**** The records
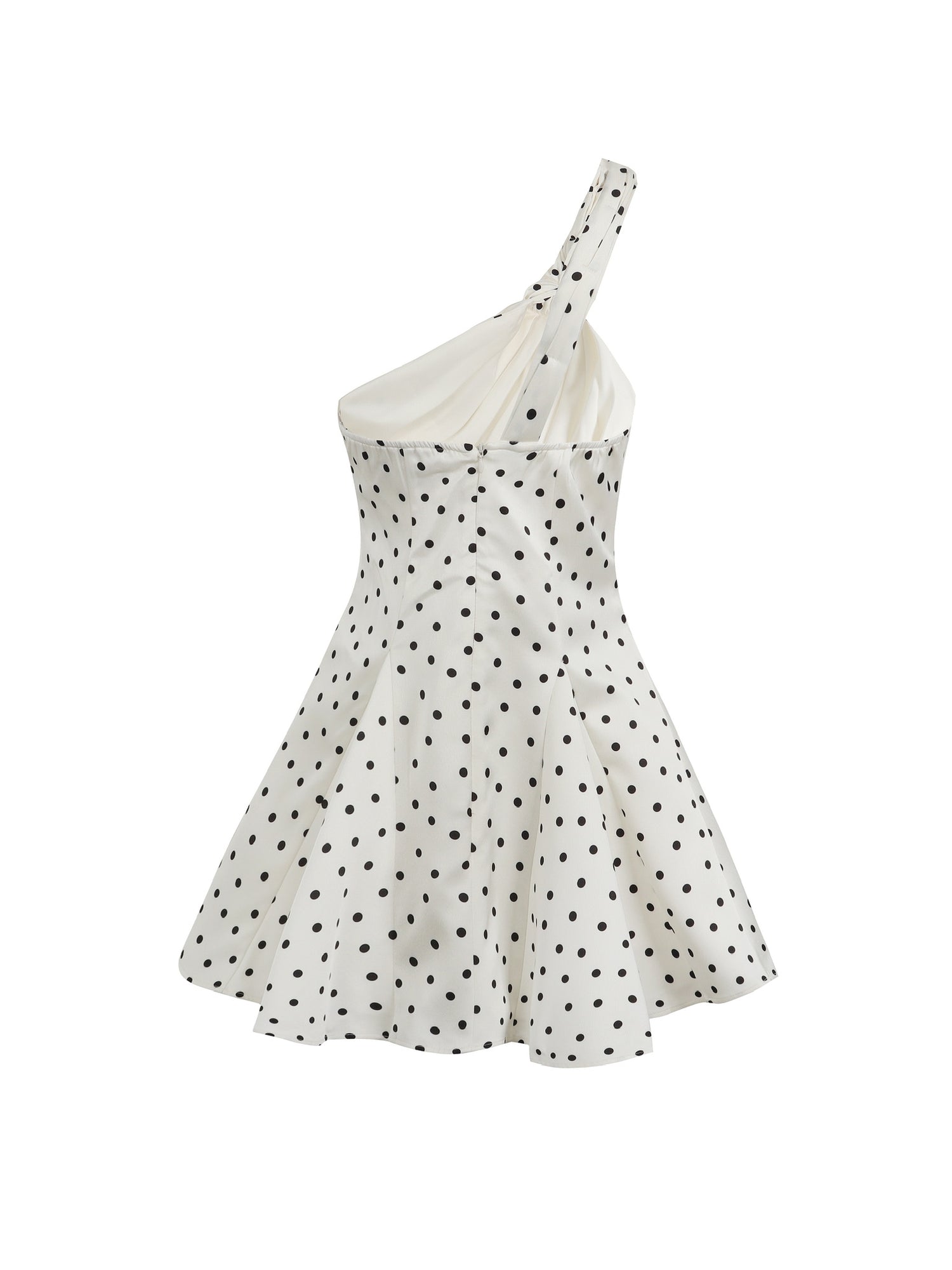 Jean Soo JS00204 Polka dancer twist rope one-shoulder polka dot print dress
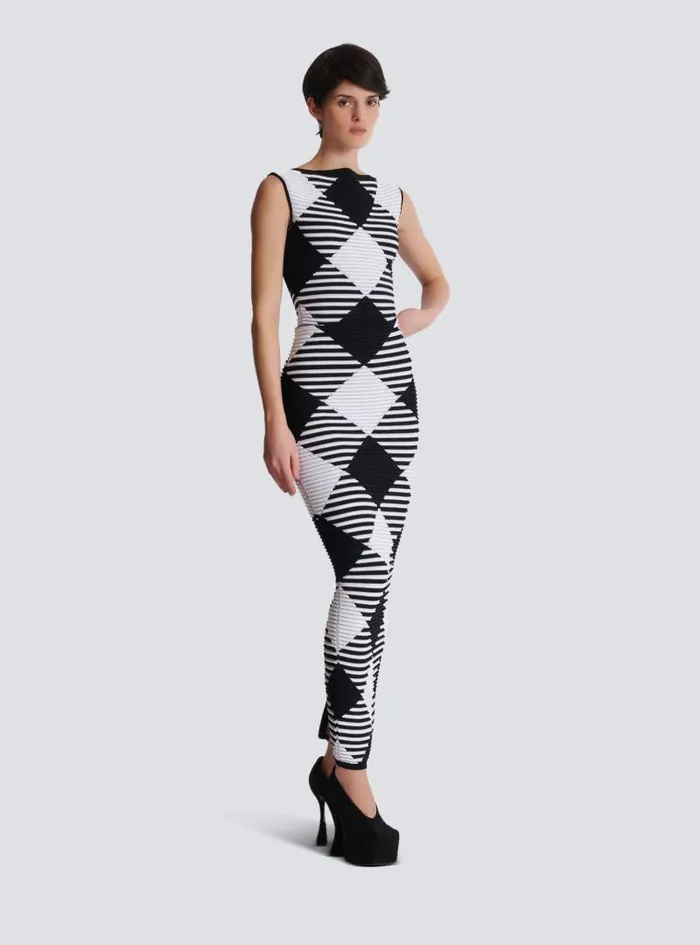 Balmain Skirts Women Midlength Skirt In Rolled Gingham Knit Black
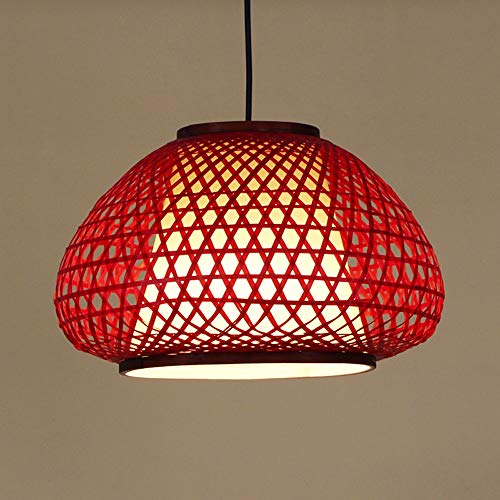 ZCCLCH Estilo Retro Linterna Hecha A Mano Araña de Bambú Rural Pastoral Lámpara Colgante Hotel Casa de Té Lámpara de Techo Inn Ciudad Antigua Linterna Decoración Luz Colgante (Color : Rojo)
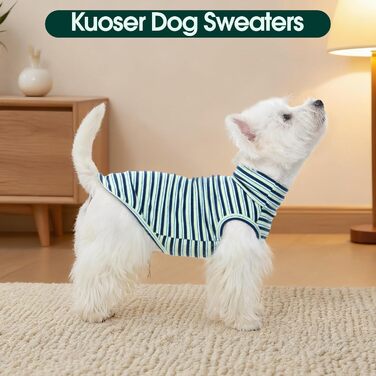 Пуловер для собак Kuoser, 2 шт., XS, флісова жилетка, теплий одяг для маленьких собак, темно-синій та смугастий, XS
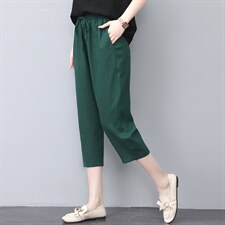 棉麻七分裤薄款2024新款裤子女中老年妈妈装夏季松紧腰直筒休闲裤，女装休闲裤，涵誉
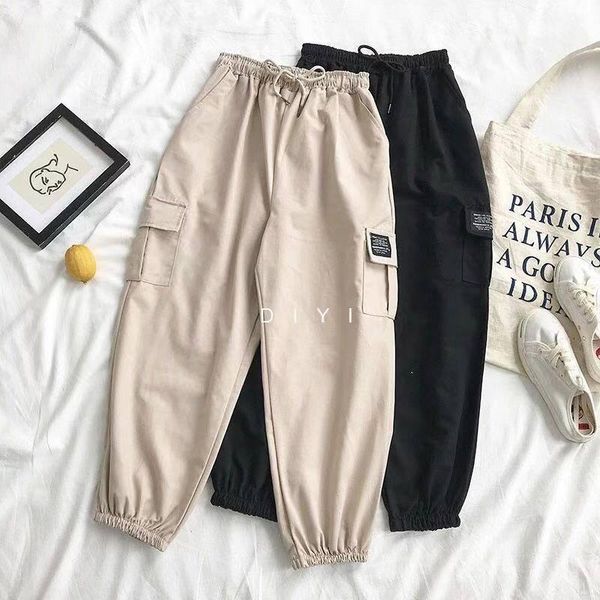

women's pants & capris missmeow cargo women summer high waist joggers casual plus size trousers pantalones mujer, Black;white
********
__Exercise description__. Please copy the lines above, starting at the one that holds "Пуловер для собак" and stopping after the last line, exactly as they appear and minus the pictures.

__Exercise response__.
 Пуловер для собак Kuoser, 2 шт., XS, флісова жилетка, теплий одяг для маленьких собак, темно-синій та смугастий, XS
 棉麻七分裤薄款2024新款裤子女中老年妈妈装夏季松紧腰直筒休闲裤，女装休闲裤，涵誉

women's pants & capris missmeow cargo women summer high waist joggers casual plus size trousers pantalones mujer, Black;white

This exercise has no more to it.